“Punk Gamification” wins best presentation at GamiFIN2019
“Punk Gamification”, part of ReClaim’s effort to create a theoretical framework for urban gamification,was presented Tuesday 9 April at GamiFIN, where it has been voted by the participants Best Presentation of the 2019’s edition of the conference. This is the first award won by ReClaim and an encouraging sign that it is heading in the right direction!
Congratulations are in order also to Xiaozhou Li, Chien Lu, Jaakko Peltonen and Zheying Zhang, winners of Best Paper with “A Statistical Analysis of Steam User Profiles towards Personalized Gamification” and to Anna Borzenkova for Best Poster – both great contributions to the field of gamification.
The paper will soon be openly available on CEUR Proceedings (you will find the link here).
Punk Gamification is though to be an alternative take on gamification, based on bottom up approaches and critical design.While mainstream gamification, even when done properly, has issues regarding its paternalistic relationship with power and the fact that promotes acritical action (as well as some theoretical issues, such as its problematic definition of game elements), punk gamification proposes a different ideological approach.
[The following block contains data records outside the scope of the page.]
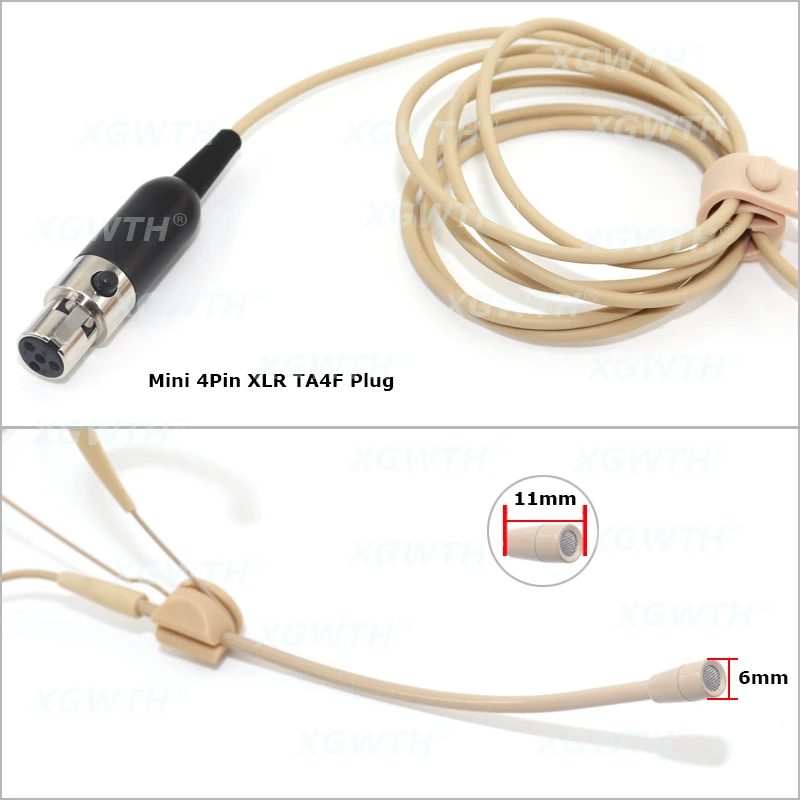 Headband Head Wearing Omnidirectional Headset Microphone WBH53T BETA53 for Shure Sennheiser AKG MiPro Audio Technica 4Pin 3Pin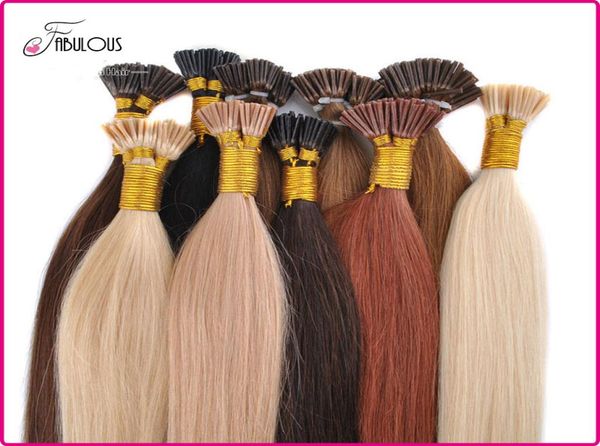 

sell i tip hair extensions 1824quot 100strandslot keratin thick tip hair brazilian virgin hair extension remy human hair b5626226, Black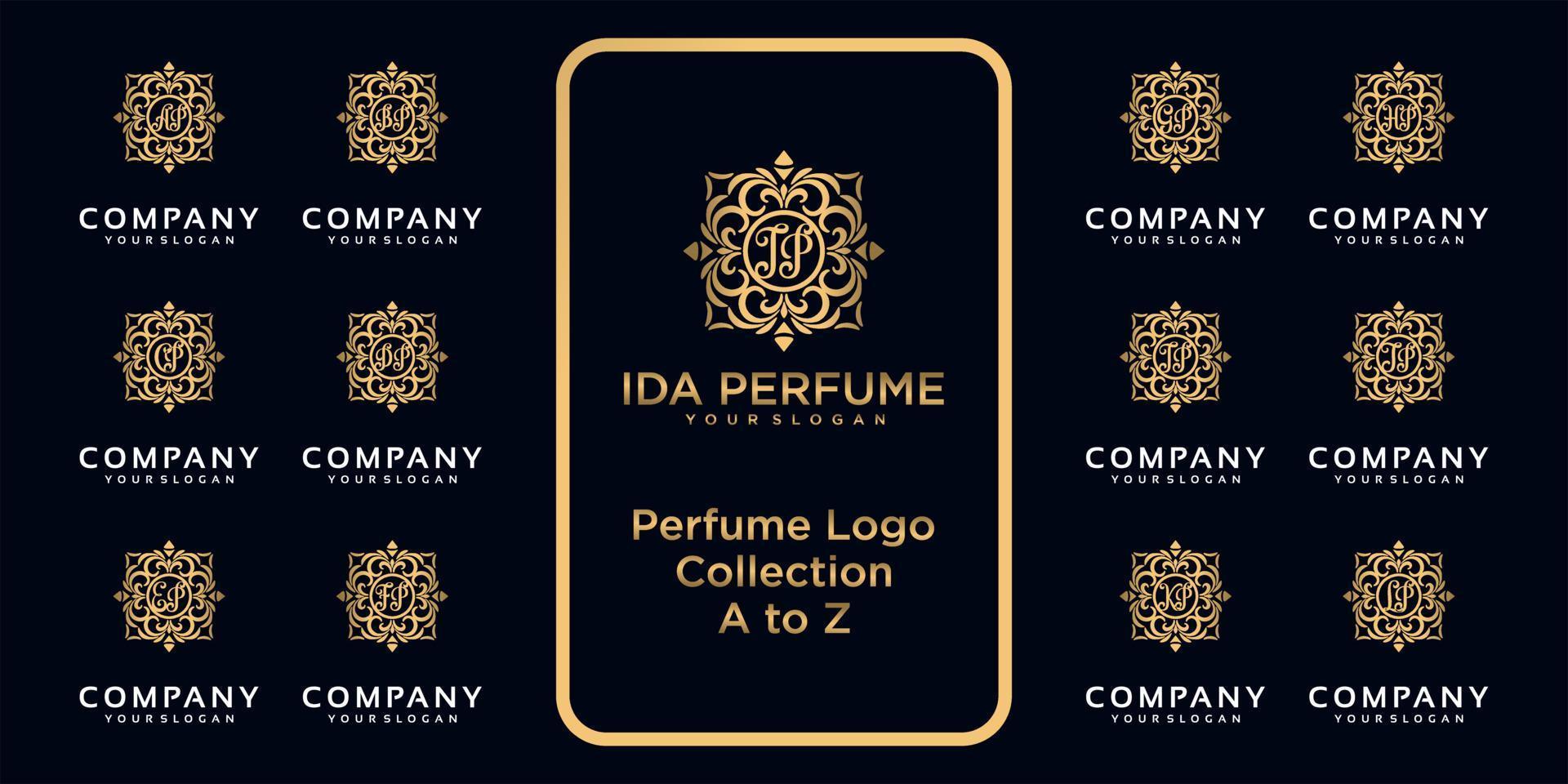 luxury perfume logo collection with initial concept. vector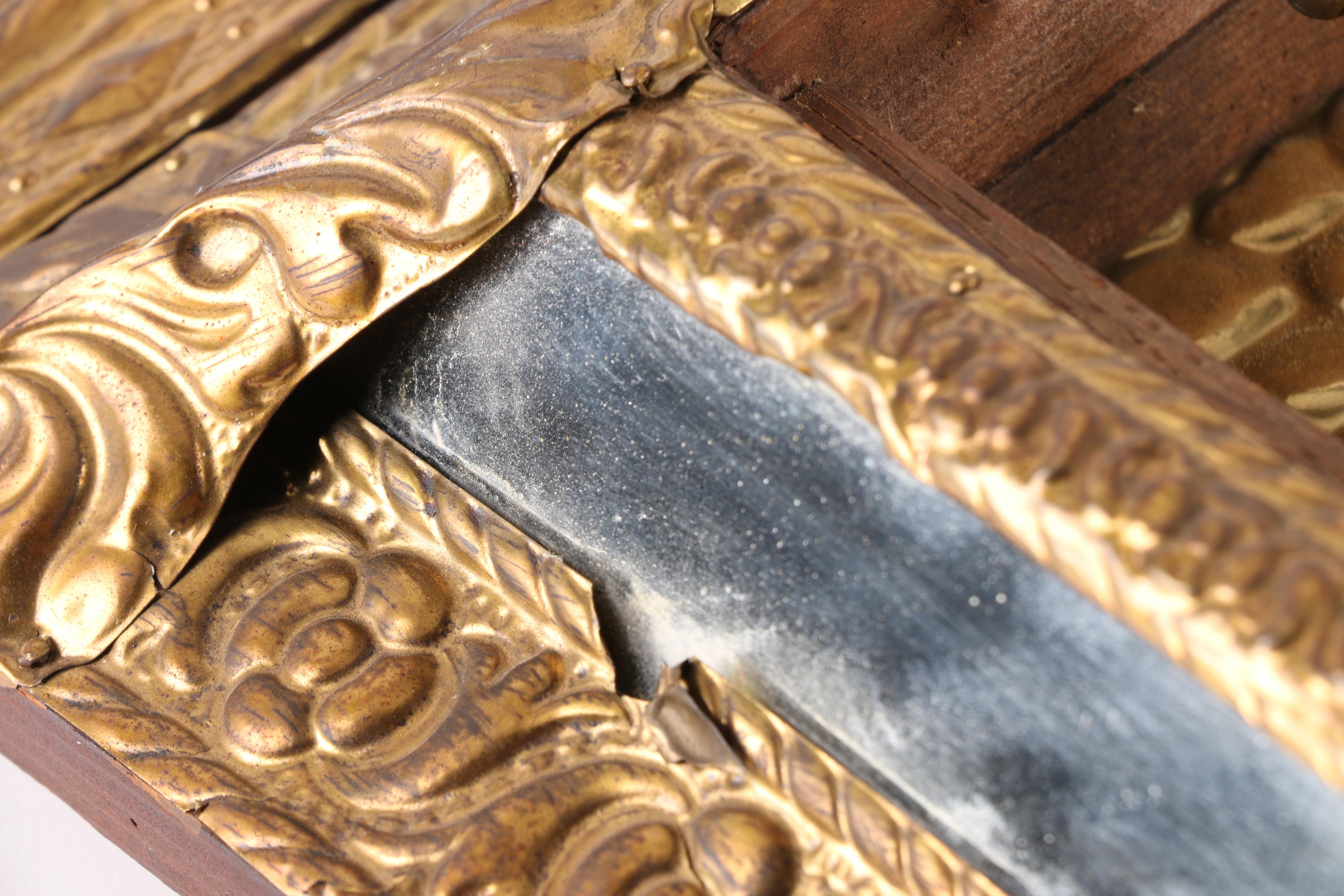 Victorian Style Embossed Brass Hall Mirror with Storage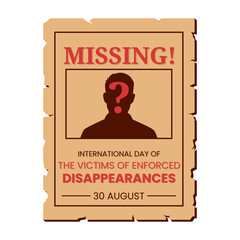 Vector graphic of Missing poster illustration for international day of the victims of enforced disappearances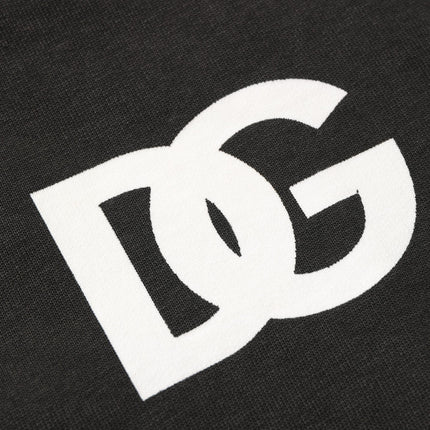Dolce & Gabbana Black Cotton Logo Hooded Full Zip Sweater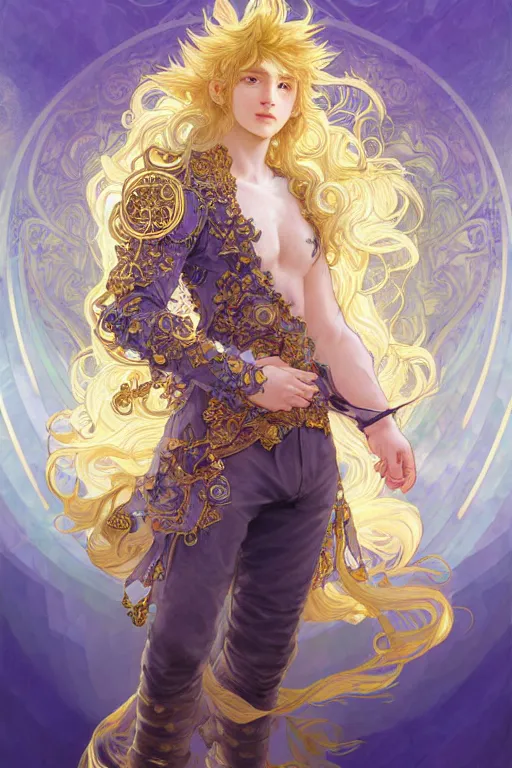 Image similar to fullbody portrait of a young hero with curly blond hairs, soft smile, baroque cloth, luminous scene, final fantasy and legue of legends champion, by chengwei pan and alpfons mucha, gradient white to gold, in front of an iridescent magical building background, highly detailed portrait, digital painting, smooth, focus illustration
It is punk because it is opposed to mainstream, it stresses the importance of individual freedom, encompasses diversity, has strong DIY characteristics and has a bottom-up approach. Punk gamification can be defined as engaging non-game/play contexts with a playful attitude and behaviour in a way that is both bottom-up and critical. This entails:
- Stressing the importance of playfulness instead of a rule-centred approach or one designed around “game elements. In this way it is the experience of the participants, and not the constraints and tracking of their actions, that is highlighted;
- Reogranising gamification to be grassroots, avoiding paternalistic top-down power relations;
- Creating gamification efforts that, instead of creating a state of irreflective flow, breaks monotony and challenges the status quo.
A very successful example of punk gamification are Gay Pride Parades whose strong playful and carnivalesque character, invading contexts that used to be thought as “serious” such as political protests, become a disruptive force that challenges moral conventions and societal norms with an enormous impact on society.
In the next step of ReClaim, punk gamification will be integrated with critical urban play in order to create a solid framework to study how play can be used by citizens to efficiently reappropriate public spaces.